The Importance of the Mary Rose…  
Much of our knowledge of Tudor longbows came from when Henrys warship, the HMS Mary Rose was raised from the murky waters of the Solent in 1982, after she heeled-over and sank during an engagement with the French fleet in 1545. When divers explored the wreck-site, they found a number of longbows and chests of arrows contained within the ship. After careful cleaning and preparation, it was found that some of these bows had huge draw-weights and were made to shoot heavy arrows. This incredibly valuable find, has been the defining moment in English archery and indeed towards understanding the importance of the yew longbow in history, and remains the closest thing we have to the great bows of the earlier Hundred Years War. These heavy bows are sometimes known as either Livery or Artillery Bows, due to their heavier draw-weight. The Mary Rose remains a highly regarded source of education towards understanding the physics of Tudor archery.    

Yew wood…
Yew is an incredibly tough, springy wood and is probably the oldest living thing on the planet, with some examples being over 3,000 years old and still alive. Yew is also poisonous as well.
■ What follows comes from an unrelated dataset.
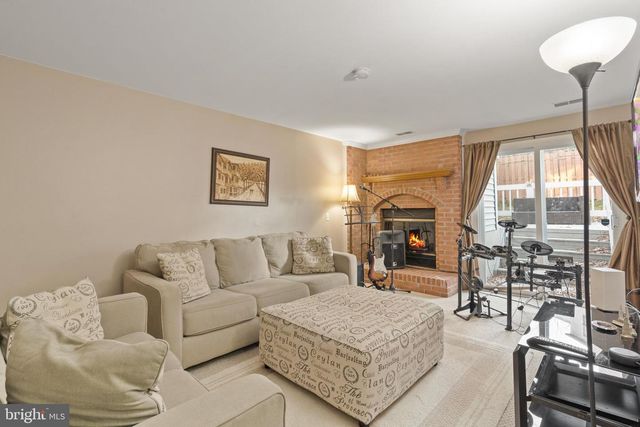 10529 REEDS LANDING CIR, Burke, VA 22015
The female trees have red fleshy berries and poisonous seeds, whereas the male trees have small cones. The red berries are actually edible, but not the inner seeds, as they contain a toxic alkaloid which causes intense pain if eaten. Although the yew is poisonous, the dried leaves are used in cancer research, which is where the licensed drug Taxol is obtained.  English, Common or European yew (Taxus baccata) is commonly used for longbow making by craftsmen today, with excellent results. Another species of yew, the Western Pacific or Oregon yew (Taxus brevifolia), is a tight grained wood, and lends itself perfectly to producing fine bows. The practice of making and shooting the yew longbow has stayed with us since ancient times.    

Shooting at the marks…
One form of shooting which is popular, is the practice of
shooting at the marks which is known as roving. This was popular in both Medieval and Tudor times, and involves cross-country shooting from one mark or flag to the next. Distances can be varied, with shorter shots over uneven ground, or very long distance shots over open country. Another variation is flight shooting which is simply shooting for distance. Nowadays, most people shoot with either self longbows or laminated longbows. A laminated bow is one which is made from two or more different types of wood, which are glued together. These bows are usually very high performance and produce weapons which are very powerful and can achieve huge distances. Yew wood will always hold that special place as perhaps the most mysterious and ancient of timbers, and thankfully many people still keep that spirit alive by shooting these weapons which helped shape the path of history. As the saying goes “a post of yew will outlast a post of iron”.     Gavin Banks, January 2010.